__ABOUT THIS EXERCISE__. Take the line containing "Ditsy Floral Print Oversized Cardigan, Black" through the last line of the data and retype those lines exactly. Pictures do not belong in the copy.

━━━ COLLECTED MATERIAL

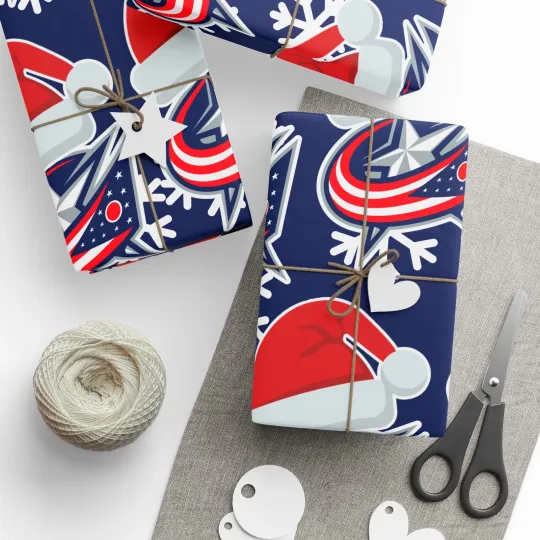 Discover Columbus Blue Jackets Hockey Christmas Wrapping Paper Holiday Gift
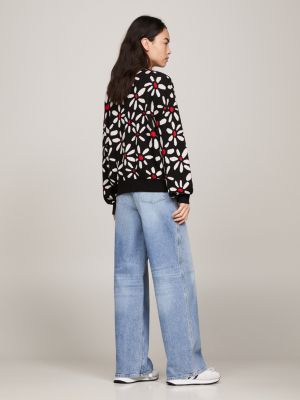 Ditsy Floral Print Oversized Cardigan, Black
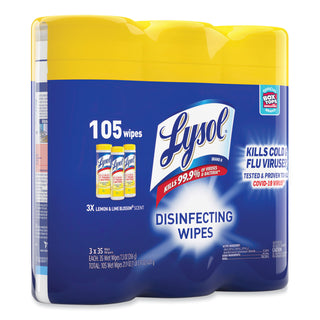 LYSOL® Brand Disinfecting Wipes, 7 x 8, Lemon and Lime Blossom, 35 Wipes/Canister, 3 Canisters/Pack (RAC82159PK) (RAC82159)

━━━━━━

__RESULT__.
 Ditsy Floral Print Oversized Cardigan, Black
 LYSOL® Brand Disinfecting Wipes, 7 x 8, Lemon and Lime Blossom, 35 Wipes/Canister, 3 Canisters/Pack (RAC82159PK) (RAC82159)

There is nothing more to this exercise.